The European Parliament took the Commission and the Council of Ministers to the European Court of Justice over the passenger data agreement and forced a re-drafting of the law late last year.
This agreement expires at the end of July and the E.U. will soon have to renegotiate the deal.
While the Parliament is unlikely now to call for the complete scrapping of the agreement, it may well demand a shorter list of categories of data to be handed over. It may also demand that only U.S. immigration officials be granted access to the information.
In a debate at the European Parliament Wednesday, Germany’s deputy foreign minister, Guenther Gloser warned that negotiations with the U.S. will be “tortuous.” Germany holds the six-month rotating presidency of the 27-nation bloc.
The European commissioner in charge of justice and home affairs issues, Franco Frattini told Parliamentarians that he has demanded an explanation from his counterparts in Washington D.C. about an apparent misuse of Europeans’ data that flouts both the original passenger rights' agreement as well as its replacement agreed last year.
Frattini's concerns focus on the U.S. Automated Targeting System, which has been assessing millions of people since 2002. Some members of the U.S. Congress and privacy advocates believe the program is even illegal under the more lax U.S. data protection laws.
"The right to privacy for me is nonnegotiable. It has to be respected," Frattini told the parliamentarians.
Frattini's and Gloser’s speeches took many members of the Parliament by surprise, according to one Parliament official actively involved in civil liberties issues.
"The MEPs were due to vote on an agreed position regarding the new round of negotiations with the U.S. today, but they have agreed to postpone the vote until the next plenary session in Strasbourg," she said, asking not to be named.
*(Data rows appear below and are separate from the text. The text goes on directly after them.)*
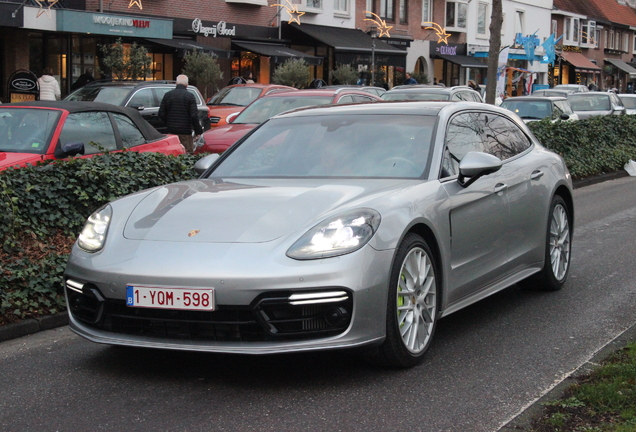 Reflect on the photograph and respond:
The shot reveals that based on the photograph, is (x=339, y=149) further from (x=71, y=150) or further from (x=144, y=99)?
(x=144, y=99)

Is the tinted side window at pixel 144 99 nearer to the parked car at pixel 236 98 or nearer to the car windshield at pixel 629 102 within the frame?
the parked car at pixel 236 98

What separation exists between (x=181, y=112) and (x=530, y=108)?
1052 centimetres

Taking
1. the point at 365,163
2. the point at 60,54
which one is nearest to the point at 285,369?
the point at 365,163

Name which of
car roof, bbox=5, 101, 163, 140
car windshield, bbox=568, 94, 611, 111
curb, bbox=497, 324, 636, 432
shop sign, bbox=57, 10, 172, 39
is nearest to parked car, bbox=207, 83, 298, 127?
shop sign, bbox=57, 10, 172, 39

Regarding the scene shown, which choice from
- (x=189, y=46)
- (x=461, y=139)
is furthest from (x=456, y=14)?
(x=461, y=139)

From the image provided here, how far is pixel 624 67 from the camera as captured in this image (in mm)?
68750

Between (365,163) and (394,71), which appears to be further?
(394,71)

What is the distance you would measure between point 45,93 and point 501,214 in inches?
713

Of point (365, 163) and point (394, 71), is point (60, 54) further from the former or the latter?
point (365, 163)

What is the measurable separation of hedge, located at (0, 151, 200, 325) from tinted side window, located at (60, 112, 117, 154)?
0.92 meters

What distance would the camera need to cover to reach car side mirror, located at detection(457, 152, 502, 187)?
18.1 ft

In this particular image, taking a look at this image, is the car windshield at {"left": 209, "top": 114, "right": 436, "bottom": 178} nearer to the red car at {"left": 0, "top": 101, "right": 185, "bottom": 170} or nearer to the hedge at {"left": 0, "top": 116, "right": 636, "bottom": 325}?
the hedge at {"left": 0, "top": 116, "right": 636, "bottom": 325}

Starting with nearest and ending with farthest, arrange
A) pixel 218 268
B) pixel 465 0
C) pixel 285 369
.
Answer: pixel 218 268, pixel 285 369, pixel 465 0

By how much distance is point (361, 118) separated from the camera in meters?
6.11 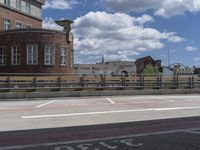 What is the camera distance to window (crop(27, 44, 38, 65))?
138 ft

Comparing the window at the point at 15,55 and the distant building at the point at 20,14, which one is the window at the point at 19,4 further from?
the window at the point at 15,55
The next plenary session is Feb. 12-15.
"There is a mixture of joy and skepticism among the parliamentarians after hearing the strong language expressed in defense of Europeans rights to privacy," she said. "It would seem that the Commission and the Council of Ministers are both coming around to the Parliament's way of thinking on this urgent issue."
The text is likely to take an even stronger line as a result of the delay, she said.
The U.S. has threatened to fine airlines that fail to hand over the records, and to strip them of their landing rights in the U.S. Without any agreement, the airlines will be put in a difficult position: punished if they don't hand over the information, or sued for breaching European data protection laws if they do.